In the other direction, suppose that f is not uniformly continuous. Then there exists some \varepsilon>0 such that for all \delta>0 there exist some x(\delta),y(\delta) such that |x-y|<\delta and |f(x)-f(y)|>\varepsilon. Then construct sequences x_n:=x(1/n) and y_n:=y(1/n), where \lim_{n\to\infty}(x_n-y_n)=0 and \lim_{n\to\infty}(f(x_n)-f(y_n))>0.


Oh god it’s 4 am I can’t think any more.


It turns out that my mathematical intuition is the visual sort of intuition and for some reason, in spite of that, I’m terrible at reasoning about geometrical objects. Is it merely due to lack of experience? Probably. But no, that’s not the point of this post.

MA2108S, Tutorial 8, question 4.

Suppose f(x)\ge M for some constant M>0 and x\in[a,\infty). Suppose that \lim_{x\to\infty}f(x+1)/f(x)=\alpha exists. Show that \lim_{x\to\infty}\sqrt[x]{f(x)}=\alpha.

Sounds like this could be true, right? After all, if you consider f(x) as just a discrete sequence f(a),f(a+1),\dots this follows immediately from Stolz’s theorem. In fact, if f is bounded over every interval [a',a'+1] where a'\ge a, this statement is true. If we impose the requirement that f is continuous, this implies boundedness over every such interval and thus the proposition holds. (Proof of this is omitted, because hey, look at the post title. But basically the idea is to prove that f(a+n+x)^{1/(a+n+x)} cannot differ too much from f(a+n)^{1/(a+n)} when n\in\mathbb N is large enough and 0\le x\le 1.)

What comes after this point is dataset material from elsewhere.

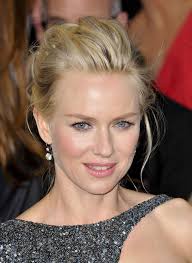 Get Naomi Watts' Perfectly Messy Oscars Updo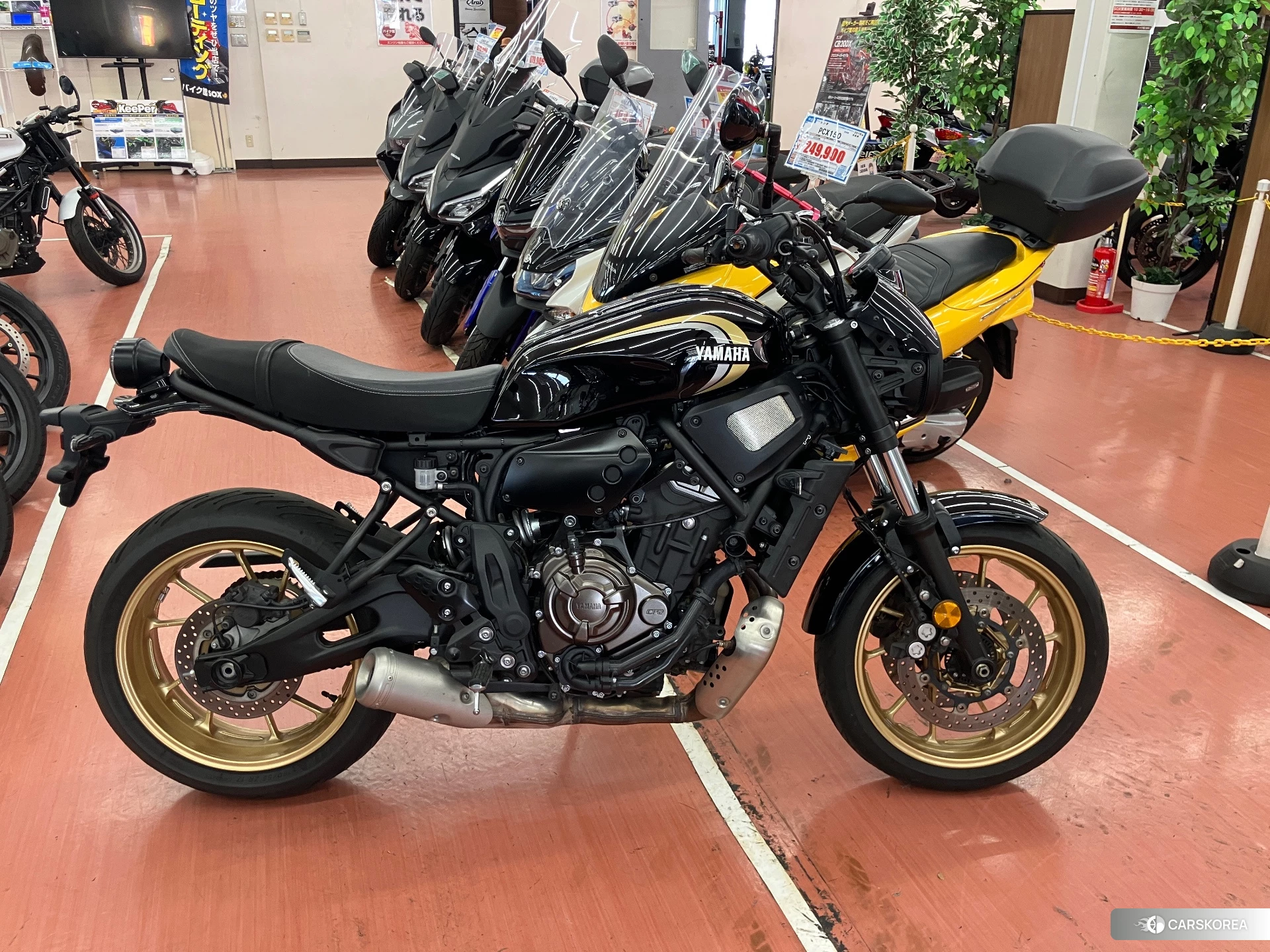 Проданный Yamaha XSR700 id 4183344 из Японии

However, finding examples in analysis is all about pathological functions too hard to graph and comprehend. A bounded function won’t do, so we need an unbounded function. But we can’t have a function that has singularities either (like x\mapsto1/x). If we can’t have a function that’s nicely defined, we might as well make it super-pathological.

\begin{array}{rl}f:\mathbb [0,\infty)\to&[1,\infty)\\  x\mapsto&\begin{cases}1\text{ if }x\notin\mathbb Q\\n\text{ if }x\in\mathbb Q\text{ and }x=m/n,~\gcd(m,n)=1,~n>0\end{cases}  \end{array}

This is sort of like the reciprocal of Thomae’s function. Just happened to be the first thing that came to mind because we covered that in class a while ago, though I can’t think of a simpler and equally suitable function. Anyway.

\displaystyle\forall x\in\mathbb R^+\quad f(x+1)=f(x)\\  \implies f(x+1)/f(x)=1\\  \implies\lim_{x\to\infty}f(x+1)/f(x)=1

Kinda obvious, yes? The problem is that now we can also show that \limsup_{x\to\infty}\sqrt[x]{f(x)}=+\infty, and we know that 1 is not infinite. Probably. Come to think about it, we never actually proved the finiteness of 1. Let’s assume that.

For any positive integer N, let \displaystyle x:=N+\frac1{N^{N+1}}>N.

\displaystyle f(x)=N^{N+1}\\  \sqrt[x]{f(x)}=N^{(N+1)/\left(N+\frac1{N^{N+1}}\right)}\ge N

Thus we have shown that \limsup_{x\to\infty}\sqrt[x]{f(x)}\ge\limsup_{x\to\infty}\lceil x\rceil=+\infty, and consequently, \lim_{x\to\infty}\sqrt[x]{f(x)} diverges as well.

Actually, the crux of this proof is that for every a'\ge a, f is unbounded over the interval [a'+n,a'+n+1] for some nonnegative integer n, and put that way, it’s a lot easier to come up with other counterexamples.